Visual History Tools for Analytic Process Memory
Visual provenance tools can help capture and represent the history of analytic processes. Fully detailed analysis records could enable thorough process reviews and lead to strong understanding of the steps taken in analysis, but such review would cost a great deal of time and could require a large amount of data storage. Lightweight representations of visual history are more practical for portability and quick referencing, but how much do lightweight representations aid recall, and what level of detail is necessary?

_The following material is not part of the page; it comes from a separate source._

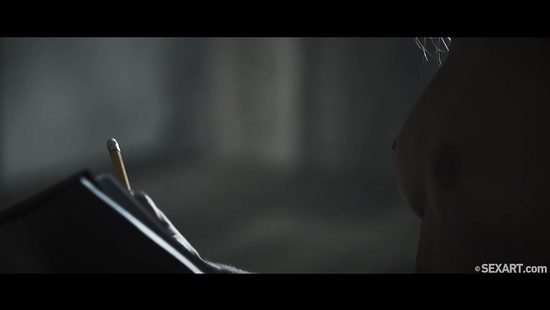 Красивое занятие любовью блондинки и художника в старинном замке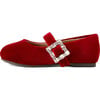 Amanda Velvet Wide Strap Square Buckle Mary Jane Shoes, Red - Mary Janes - 1 - thumbnail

In this research, we investigate these questions with a controlled evaluation of how the level of detail of visual history aids affects the ability to remember and explain memory the analysis process.
Learning with Locations in 3D Virtual Environments
I am investigating how people use space and locations to help themselves learn in virtual environments. I am interested in whether learners can take advantage of 3D layouts to help understand information. Although complex arrangements of information within 3D space can potentially allow for large amounts of information to be presented, accessing this information can become more difficult due to increased navigational challenges. This work is also concerned with further understanding the effects of a virtual environment's level of spatial fidelity, involving the distinction between physical and virtual 3D space. This project was done in collaboration with School of Education at Virginia Tech, and it uses an educational environment to teach a history lesson about the First World War. This research is exploring design factors for 3D educational environments and is considering factors such as information layout, environmental detail, travel techniques, and immersive display fidelity.
Design and Evaluation of Visualizations for Analysis of Streaming Data
Data analysis on high volume, high velocity data is becoming increasingly important to allow analysts to make decisions more quickly than traditional methods allow. Human analysts need visualization tools to be able to keep up with the data stream to have any chance of maintaining a real-time investigation. This project includes the identification of fundamental data attributes and visualization design factors relevant for streaming data, followed by the systematic evaluation of the effectiveness of the design factors for human analysis tasks.
Supporting Cognitive Processing with Spatially Distributed Information Presentations
Through a series of controlled experiments, this work studied how people process information when items are presented at different locations in physical or virtual space. We have found evidence that spatial information layouts can support improved memory through spatial indexing, but this is not always the case. Through studies using both large 2D displays and immersive virtual reality systems, we have worked to better understand how people use locations when trying to learn spatially distributed information.
Evaluating Training Effectiveness for Visual Scanning with VR Systems
Virtual simulations allow military personnel to train for real-world scenarios. In this project (supported by the Office of Naval Research), we are studying how various hardware and software factors affect training transfer for visual scanning tasks. For example, with a task involving the identification of weapon carriers in an urban environment, our research showed significant improvements in training transfer after training with increased levels of visual realism. By taking advantage of both head-mounted displays and surround-screen projection systems, we are also studying how display properties affect training and the ability to maintain orientation within complex 3D spaces.
Immersive Data Analysis for Virtual Exploration of Space
Working with NASA Langley Research Center and the National Institute of Aerospace, we explored the use of immersive virtual environments based on real places that are too far away for physical human exploration. The virtual medium allows interesting combinations and representations of information collected by NASA. In this research, we are exploring methods for integrating multiple data visualizations into a single environment. We are studying the effects of varying levels of display fidelity and navigational control on understanding scientific data.
Collaborative Navigation in Virtual Search and Rescue
This research explores the use of a collaborative guidance system for search-and-rescue in a complex 3D environment. Based on an augmented reality approach, we implemented and evaluated a proof-of-concept system that allowed a scene commander and responder to efficiently search a building using visual, nonverbal communication. We named our implementation CARNAGE (Collaborative Augmented Rescue Navigation and Guidance Escort). This project began as an entry for IEEE 3DUI Contest 2012, where it won both the First Place Award and the Popular Choice Award.